Na języku czuje smak strachu kobiety. Jednak nie spodziewa się jednego, że zacznie uciekać. Pędem ruszyła w las, gubiąc buty utkwione w ziemi. Zabójca goni za swą ofiarą. W mgnieniu oka przez co upada. Nie lubi, gdy ktoś psuje mu plany. Przez swoją nieuwagę dostaje stopą w nos. Słychać chrzęst łamanych kości. Zatacza się, kichając krwią. Kobieta wykorzystuje moment i prędko stara się wejść na drzewo. Kilka razy ześlizguje się, lecz desperacja i chęć życia pozwala jej usadowić się poza zasięgiem drapieżnika. Po minięciu szoku i bólu zaczyna krążyć i skakać do ofiary. Na niebie zaczyna wyłaniać się słońce. Czas mordercy kończy się. Zrezygnowany i pewny śmierci kobiety odchodzi.

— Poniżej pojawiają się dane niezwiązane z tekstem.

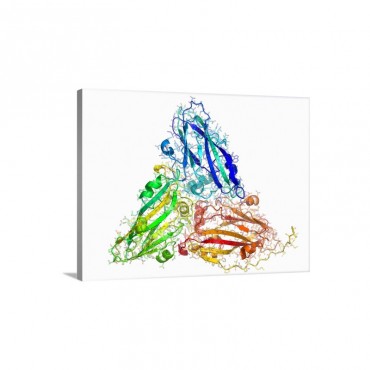Southern Bean Mosaic Virus Capsid Protein Wall Art - Canvas - Gallery Wrap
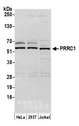 PRRC1 Antibody - Detection of human PRRC1 by western blot. Samples: Whole cell lysate (15 µg) from HeLa, HEK293T, and Jurkat cells prepared using NETN lysis buffer. Antibody: Affinity purified rabbit anti-PRRC1 antibody used for WB at 1:1000. Detection: Chemiluminescence with an exposure time of 10 seconds.
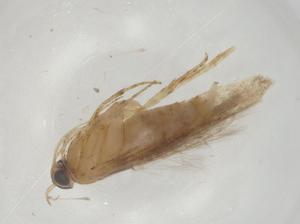  ( - CBG-A06005-F08)  @11 [ ] CreativeCommons - Attribution (2023) Centre for Biodiversity Genomics Centre for Biodiversity Genomics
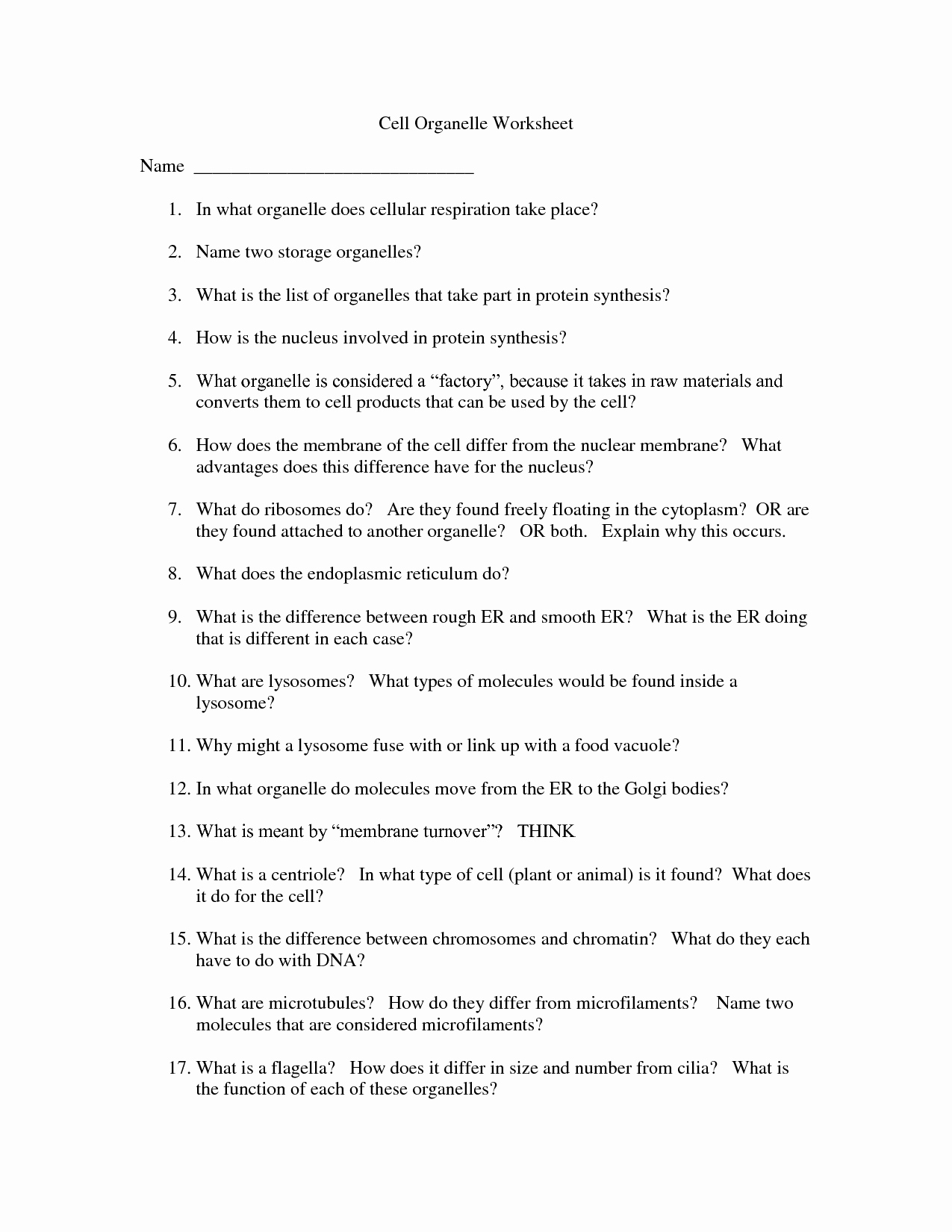 Cell organelles Worksheet Answers Luxury 16 Best Of Cells and their organelles Worksheet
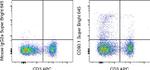 CD90.1 (Thy-1.1) Antibody in Flow Cytometry (Flow)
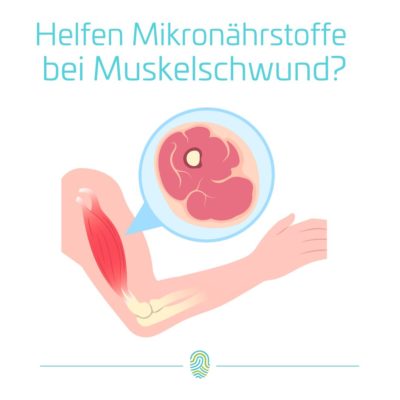 Proteinmangel und Muskelschwund als Wurzel vieler Zivilisationskrankheiten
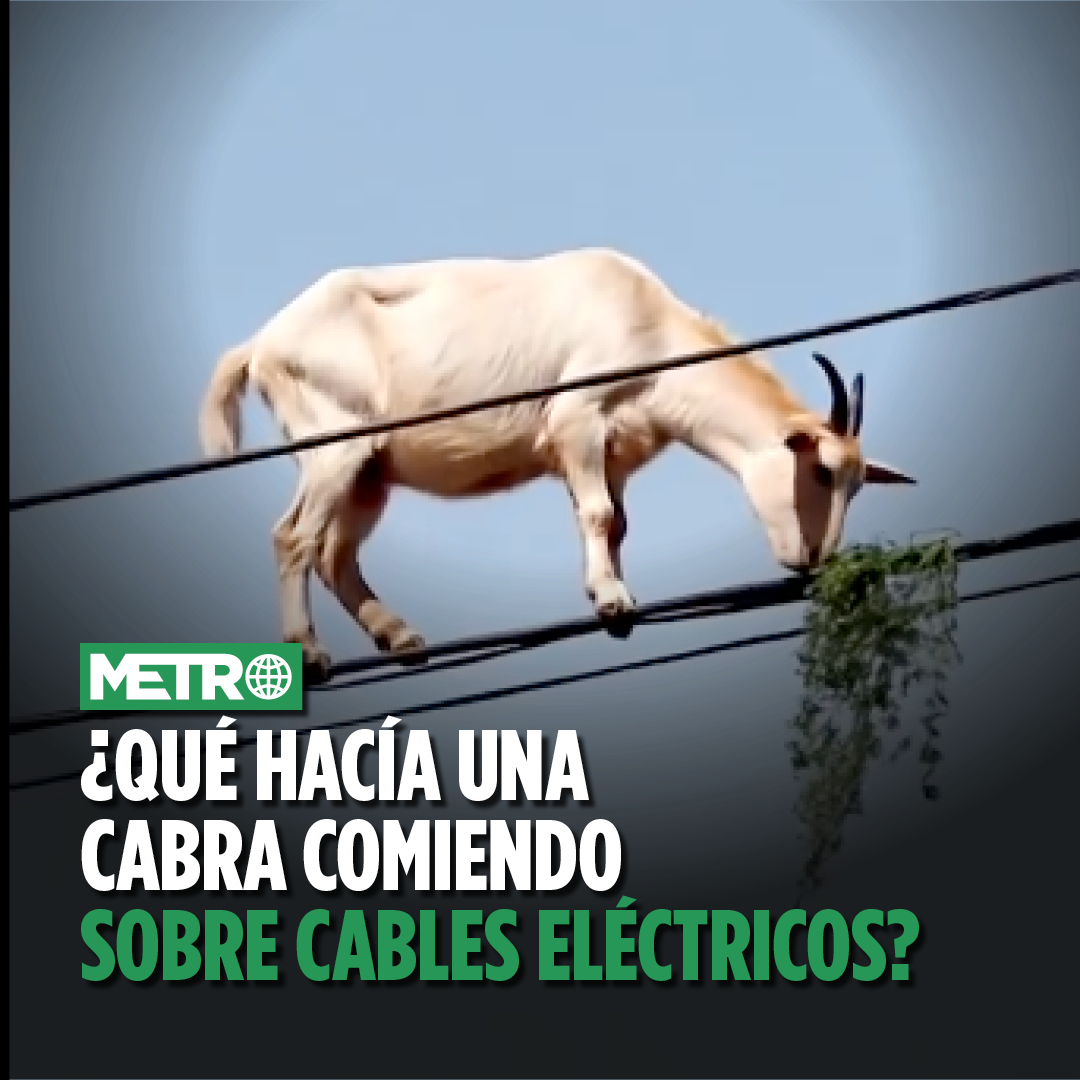 Metro Ecuador on X: "¿Es verdad o mentira este video viral de una cabra  comiendo sobre cables eléctricos? https://t.co/XUaNgESPNV  https://t.co/diCPMmL63l" / X
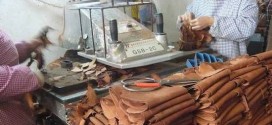 Dog skins turned into leather in China (Video Viral)
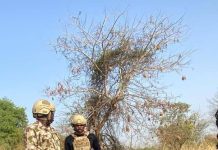 Operation Hadin Kai Troops Crush Terrorist Cells in Timbuktu, Bulabulin Forests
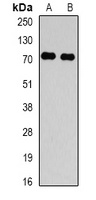 TBRG4 antibody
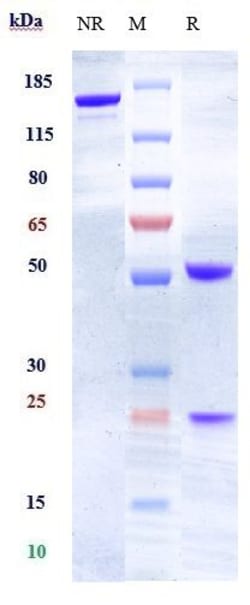 Invitrogen™ Ephrin A4 Biosimilar Recombinant Monoclonal Antibody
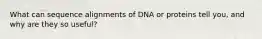 What can sequence alignments of DNA or proteins tell you, and why are they so useful?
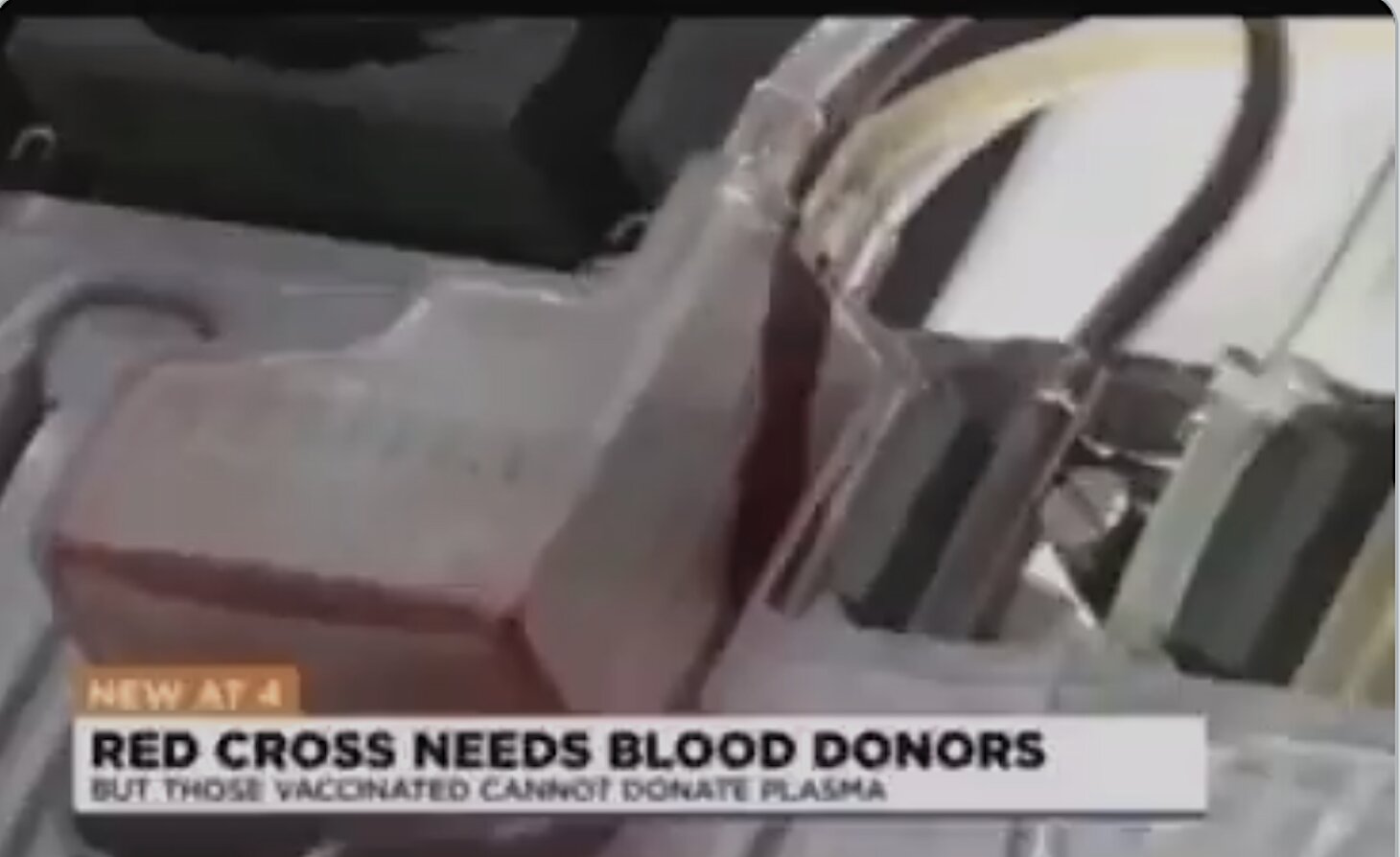 Red Cross: Vaxed Can’t Donate Plasma As The Vax Bioweapon Wipes Out Antibodies!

Nawet gdyby przeżyła ugryzienie, to jad wprowadzony w krew, zabije ją. Od wielu lat nikt nie przeżył przemiany. Ludzie są teraz tak słabi, że ich organizm wykańcza trucizna. J tak większość, która przeżyła pierwszą przemianę to pierwotna, wykańcza większą część. A to było kupę lat temu. Wszyscy byli wtedy silniejsi. Po czasie osłabiona od ubytku krwi dziewczyna schodzi. Chwiejnym krokiem zmierza ku drodze. Gdy toczy się po jezdni, zatrzymuje ją policja. W głowie chodzi jej jedna myśl „Kurwa! Serio?! A gdzie byliście, gdy zostałam zaatakowana ?!". Lecz żadne słowa nie płyną z jej ust. Nie ma sił. Policjant, widząc jej stan, od razu zabiera ją do radiowozu i na sygnałach do szpitala. Kobieta podczas szybkiej jazdy traci przytomność, a kolor skóry można porównać do trupa. Oddech ciężki i urwany nie świadczy niczego dobrego. Śmierć coraz bardziej się o nią upomina. Lucyfer szczerzy się na wiadomość o nowym słudze. Jednak najpierw czeka ją sąd ostateczny. Lecz każdy, kto ją zna, wie, że do nieba nie pójdzie.